## Task goal
For this exercise, retype the lines from the one that holds "XO Design PR246" through the one that holds "Cyberpunk Goddess in" in the records below, both included, exactly and without pictures.

## Input material
=== Begin Enclosure ===

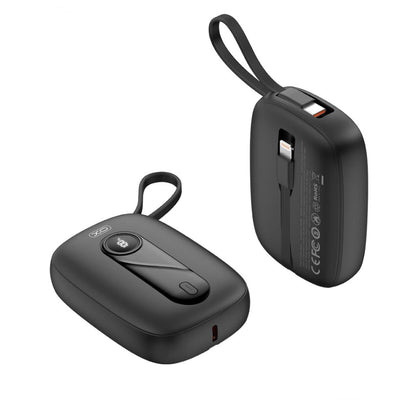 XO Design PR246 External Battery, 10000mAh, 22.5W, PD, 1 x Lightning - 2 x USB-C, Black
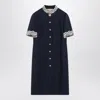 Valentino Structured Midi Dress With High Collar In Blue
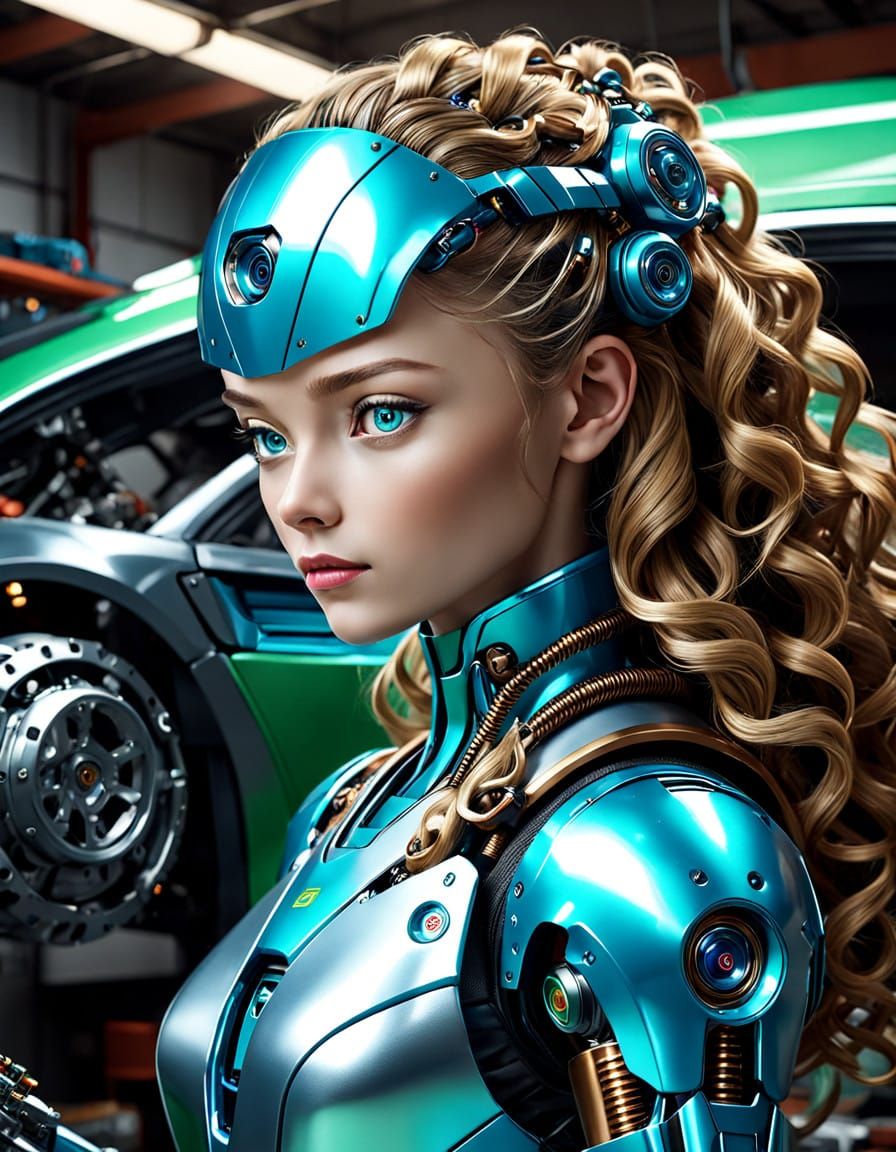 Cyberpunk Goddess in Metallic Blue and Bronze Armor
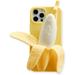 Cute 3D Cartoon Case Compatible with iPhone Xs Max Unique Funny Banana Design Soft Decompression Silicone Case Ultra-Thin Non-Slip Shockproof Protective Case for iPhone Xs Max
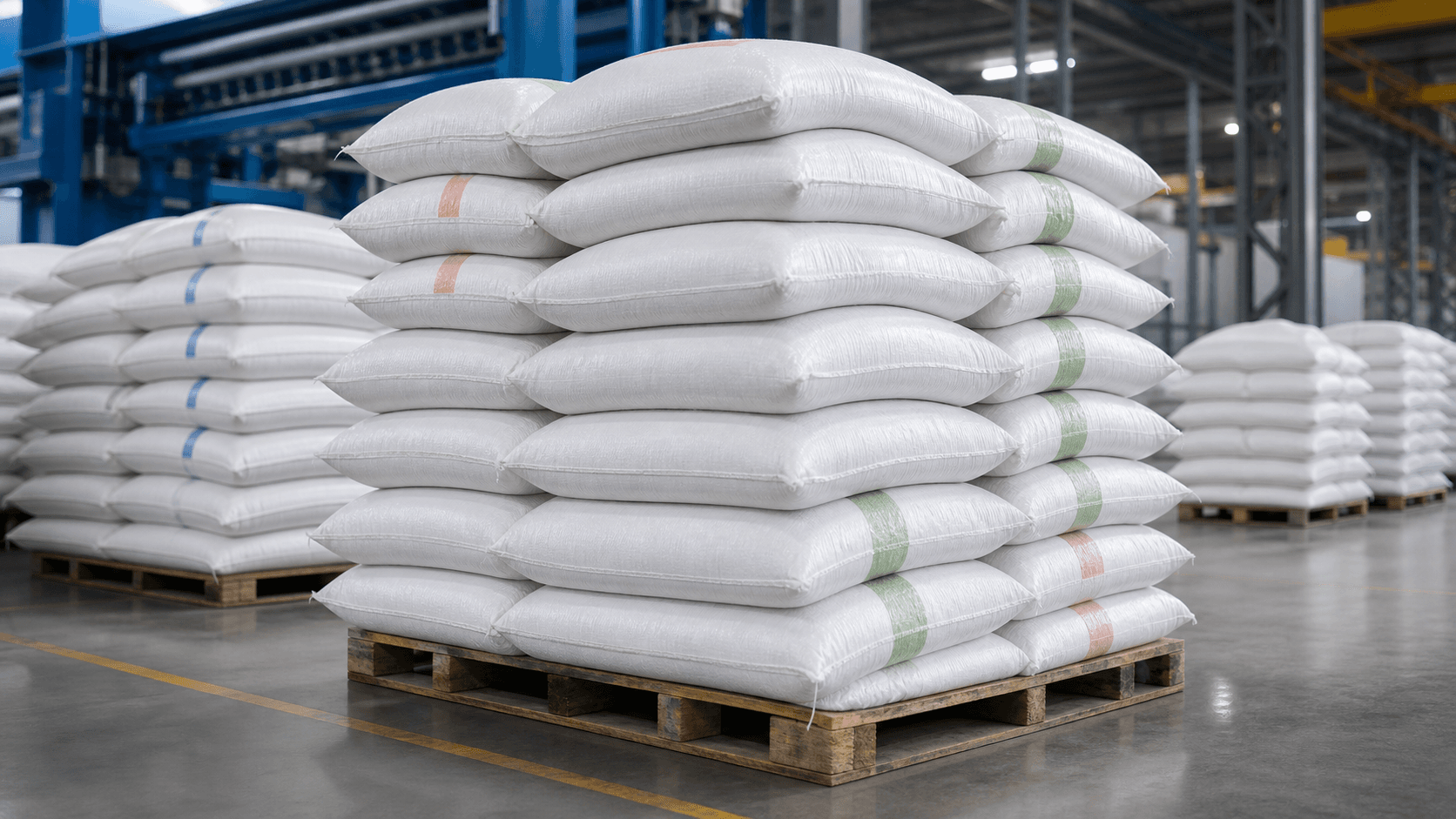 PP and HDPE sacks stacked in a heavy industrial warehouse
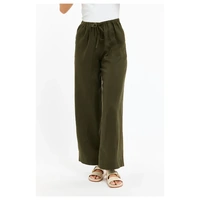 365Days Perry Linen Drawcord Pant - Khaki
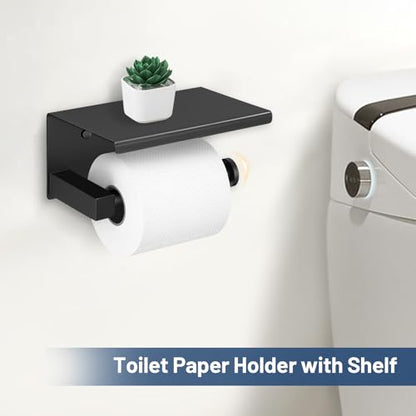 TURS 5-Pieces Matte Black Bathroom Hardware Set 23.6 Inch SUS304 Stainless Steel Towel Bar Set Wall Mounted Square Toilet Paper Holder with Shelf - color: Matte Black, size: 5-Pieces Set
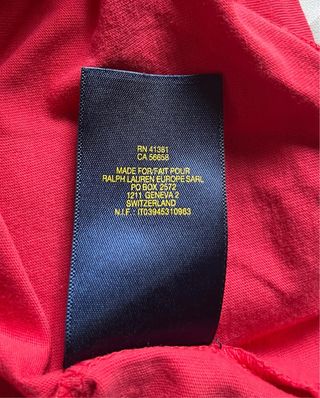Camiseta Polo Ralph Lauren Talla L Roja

=== End Enclosure ===
=== Begin Enclosure ===

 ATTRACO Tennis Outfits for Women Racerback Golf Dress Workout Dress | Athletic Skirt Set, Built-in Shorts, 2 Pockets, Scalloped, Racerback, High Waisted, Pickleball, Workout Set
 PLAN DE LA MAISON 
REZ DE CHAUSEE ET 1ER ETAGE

=== End Enclosure ===

## Response to this task
 XO Design PR246 External Battery, 10000mAh, 22.5W, PD, 1 x Lightning - 2 x USB-C, Black
 Valentino Structured Midi Dress With High Collar In Blue
 Cyberpunk Goddess in Metallic Blue and Bronze Armor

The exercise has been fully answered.